Blair announces 203m aid package
By FWi staff
TONY BLAIR has announced a 203 million aid package for farmers at the Downing Street summit with industry leaders.
The package includes 26m for the restructuring of the pig industry, subject to permission being granted by the European Commission in Brussels.
The restructuring of the pig industry could be extended for a further two years, but the initial 26m is the amount available for this year.
Dairy farmers will receive 22m in agrimoney compensation to offset the strength of Sterling, which has seen milk prices plummet.
The government, which will fund 80% of the agrimoney, claims it is is the maximum amount available from Brussels. It will be paid in relation to quota.
Sheep and beef farmers will also get 22m each. They are entitled to more, but it seems ministers wanted them to receive the same as dairy farmers.
Hill farmers will receive 60m, paid mainly through payments made under the Less Favoured Areas scheme. The money will be available from early 2001.
The prime minister also pledged to seek permission from Brussels to remove the weight limit on the Over Thirty Months Scheme.
Details of this proposal are sketchy, but government officials estimated that removing the limit is worth 20m.
In a further move, 1m of dairy hygiene inspection will be removed in England.
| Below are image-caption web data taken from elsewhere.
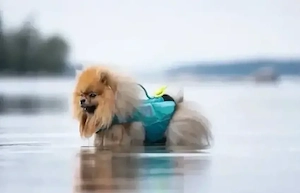 Hundeschwimmweste (sehr kleine Hunde)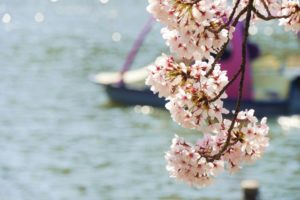 上野公園　不忍池のボートと桜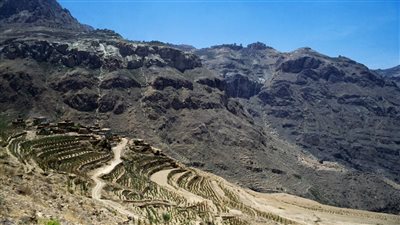 كارثة جديدة في اليمن، الصقيع يدمر الزراعات ويفاقم أزمة الأمن الغذائي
The charges will be lifted in Scotland, Wales and Northern Ireland.
Mr Blair also pledged to encourage farmers to join agri-environment schemes and pledged to review BSE controls after the BSE Inquiry report is published.
He promised that the government would remove red-tape by avoiding “gold-plating” European legislation by introducing UK rules ahead of the rest of Europe.
In total, 188m of the aid package will come from the ministry of agriculture. A further 15m of government money will encourage farmers to diversify.